04.05.2022 09:30

Encryption Technologies Ensure Data Privacy

News image


Cryptography in digital networking is a vital tool for protecting sensitive information. It shapes means of countering the illegal copying of intellectual property data. 

Various encryption algorithms are used in the finance and business networks to protect against competitive intelligence.

All links and servers in such systems are secured, i.e., they are processed according to one or another encryption algorithm. 

Interestingly, modern security software like Avira, Bitdefender, Norton has built-in cryptography components. 

They ensure mandatory transmitting encryption of communication links at the network level. However, how do they work? Let’s find out!

Cryptography Objectives

One may consider cryptography as an essential tool for securing confidential data from:

  • Fraudulent activity.
  • Intentional violation of integrity or full erasing.
  • Unauthorized reading.
  • Unwanted copying.

The fundamental requirement for cryptographic protection is the principle of its equal strength. 

The concept is, if the security can be divided into elements, then each piece should be equally hacking resistant.

Principles of Use

There are several primary principles for applying cryptographic methods:

  • Encryption algorithms allow you to safely send data even if this happens in an unsafe environment (the Internet and cloud encryption strategies, as an example).
  • Encryption algorithms are used to protect files containing sensitive information to minimize the possibility of unauthorized access.
  • Encoding technologies are used not only to guarantee privacy but also to safeguard data integrity.
  • Cryptography is a means of verifying the credibility of data and sources (we are talking about digital signatures and certificates).
  • Algorithms, file formats, and key sizes may be freely available; however, the encryption method’s keys remain secret.

Cryptographic algorithms have made it possible to create a comprehensive information security system in large networks and information databases. 

The significant reason is that they are grounded in the public key distribution.
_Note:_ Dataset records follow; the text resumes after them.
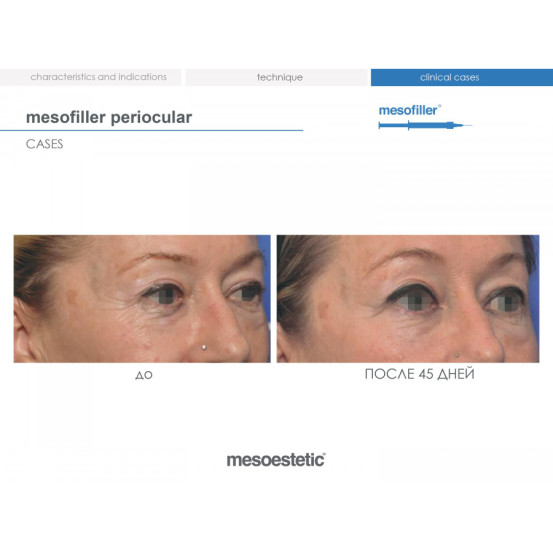 Мезофілер Періокулар 15 мг/мл Mesoestetic Мesofiller periocular 15 mg/ml шприц 1мл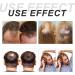 Oignon Biotine & Romarin Shampooing & Treatment Set Anti-Chute Hydratant Nourrissant R parateur Pour Tous Les Types De Cheveux (Shampooing + Revitalisant) - Buy Online on GoSupps.com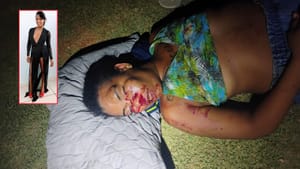 Mulher leva golpe de concreto no rosto durante briga em área de mata no interior de MT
The attribute of public-key cryptosystems is that they are built based on asymmetric encryption algorithms. 

This way, they use a much smaller number of keys for the exact number of users than a public key cryptosystem requires.

Today, there are many ready-made encryption algorithms with high cryptographic strength. 

The encryptor has to generate its unique key to add the necessary cryptographic qualities to the data. Both encryption and decryption stages require using this key.

Encryption algorithms

Nowadays, numerous encryption algorithms have significant resistance to cryptanalysis (cryptographic strength).

Three are three groups of encryption designs:

  • Hash function algorithms.
  • Asymmetric algorithms.
  • Symmetric algorithms.

Hashing is transforming an initial information array of random length into a fixed-length bit string. 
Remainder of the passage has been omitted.